Reputation: 163
df1:
a = c(2, 3, 5, 8, 10, 12)
b = c("NA", "bb", "cc", "aa", "bb", "aa")
c = c("bb", "aa", "bb", "cc", "aa", "aa")
d = c("aa", "cc", "bb", "aa", "aa", "aa")
e = c(TRUE, FALSE, TRUE, FALSE, TRUE, FALSE)
df1 = data.frame(a, b, c, d, e)
df2:
f = c("aa", "bb")
df2 = data.frame(f)
I want to evaluate df1 columns b,c,d to see if the value is not in df2. If it is, then keep the value.
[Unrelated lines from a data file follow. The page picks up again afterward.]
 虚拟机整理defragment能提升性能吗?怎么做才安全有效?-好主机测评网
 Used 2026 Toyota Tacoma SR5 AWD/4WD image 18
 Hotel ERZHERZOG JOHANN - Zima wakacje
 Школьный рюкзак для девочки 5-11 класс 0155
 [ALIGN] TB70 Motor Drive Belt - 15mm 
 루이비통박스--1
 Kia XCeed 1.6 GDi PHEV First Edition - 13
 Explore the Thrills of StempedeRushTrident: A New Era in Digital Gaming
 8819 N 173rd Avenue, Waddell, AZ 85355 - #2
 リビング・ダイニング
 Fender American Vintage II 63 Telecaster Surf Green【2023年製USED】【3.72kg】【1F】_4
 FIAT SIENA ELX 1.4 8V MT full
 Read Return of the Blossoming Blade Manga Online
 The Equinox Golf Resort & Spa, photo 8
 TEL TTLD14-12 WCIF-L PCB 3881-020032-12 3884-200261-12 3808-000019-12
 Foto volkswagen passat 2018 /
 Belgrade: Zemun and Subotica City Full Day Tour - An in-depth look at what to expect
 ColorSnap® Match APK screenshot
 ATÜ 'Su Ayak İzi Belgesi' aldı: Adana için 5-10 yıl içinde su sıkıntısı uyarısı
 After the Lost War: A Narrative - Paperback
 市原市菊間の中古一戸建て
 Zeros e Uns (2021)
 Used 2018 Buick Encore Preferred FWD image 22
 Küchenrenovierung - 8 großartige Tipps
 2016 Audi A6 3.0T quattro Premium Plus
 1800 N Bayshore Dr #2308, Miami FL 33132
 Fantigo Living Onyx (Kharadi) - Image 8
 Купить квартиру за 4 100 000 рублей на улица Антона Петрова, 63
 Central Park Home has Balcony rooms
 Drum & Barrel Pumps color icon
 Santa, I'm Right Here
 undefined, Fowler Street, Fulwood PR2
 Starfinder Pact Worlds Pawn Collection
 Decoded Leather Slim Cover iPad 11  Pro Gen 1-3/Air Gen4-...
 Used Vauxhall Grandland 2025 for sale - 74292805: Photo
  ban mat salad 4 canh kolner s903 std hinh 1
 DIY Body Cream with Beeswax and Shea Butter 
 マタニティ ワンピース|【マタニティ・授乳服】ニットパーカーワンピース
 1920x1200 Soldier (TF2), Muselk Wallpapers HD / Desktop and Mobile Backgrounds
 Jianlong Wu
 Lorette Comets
If it's not then input "Rare". Needs to ignore NAs.
Output:
a b c d e
2 NA bb aa true
3 bb aa rare false
5 rare bb bb true
8 aa rare aa false
10 bb aa aa true
12 aa aa aa false
Upvotes: 3
Views: 73
Reputation: 51592
Make sure that your columns are as.character()
, then (and considering your NA is a string just as you define it)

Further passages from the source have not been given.